If there are more variables than equations, the system is always consistent and dependent. If the number of equations is the same as the number of variables or greater, then the system can be either consistent or inconsistent.

In order to determine if a system is inconsistent using Gaussian elimination, we create the augmented matrix and perform row operations with the goal of putting the system in row-echelon or reduced row-echelon form.

(a) If the reduced row-echelon form of the augmented matrix consists entirely of rows with leading digit 1 with zeros everywhere else except the last column the system is consistent and independent. This looks like an nxn identity matrix with an nx1 column appended to it.

(b) If the reduced row-echelon matrix has leading digit 1 in every non-zero row with zeros everywhere else besides the last column and has some rows that are all zeros the system is consistent and dependent. The number of rows could exceed the number of variables.

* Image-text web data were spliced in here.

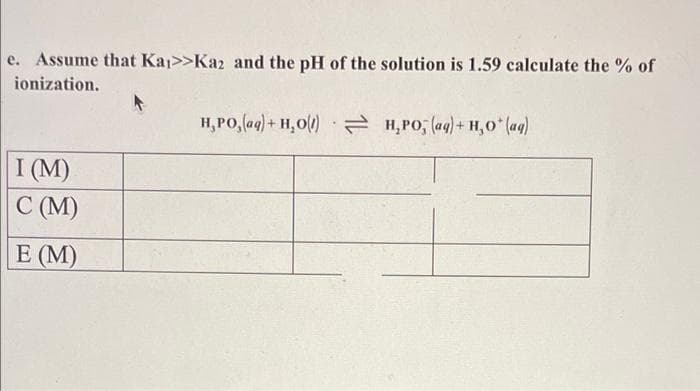 e. Assume that Ka>>Ka2 and the pH of the solution is 1.59 calculate the % of
ionization.
^
I (M)
C (M)
E (M)
H,PO,(aq) + H₂OH,PO, (aq) + H,0* (ag)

(c) If the reduced row-echelon form of the augmented matrix has a row or rows that consist of all zeros except for the last element, then the system is inconsistent.

For example:

x+y+z=3
x-y-5z=1
2x+3y+5z=-6

The augmented matrix is:

`([1,1,1,|,3],[1,-1,-5,|,1],[2,3,5,|,-6])`

In reduced row-echelon form we get:

`([1,0,-2,|,0],[0,1,3,|,0],[0,0,0,|,1])`

Note the last row in the matrix. This implies that 0x+0y+0z=1, which cannot be true for any real values of x, y, and z. Thus there is no solution.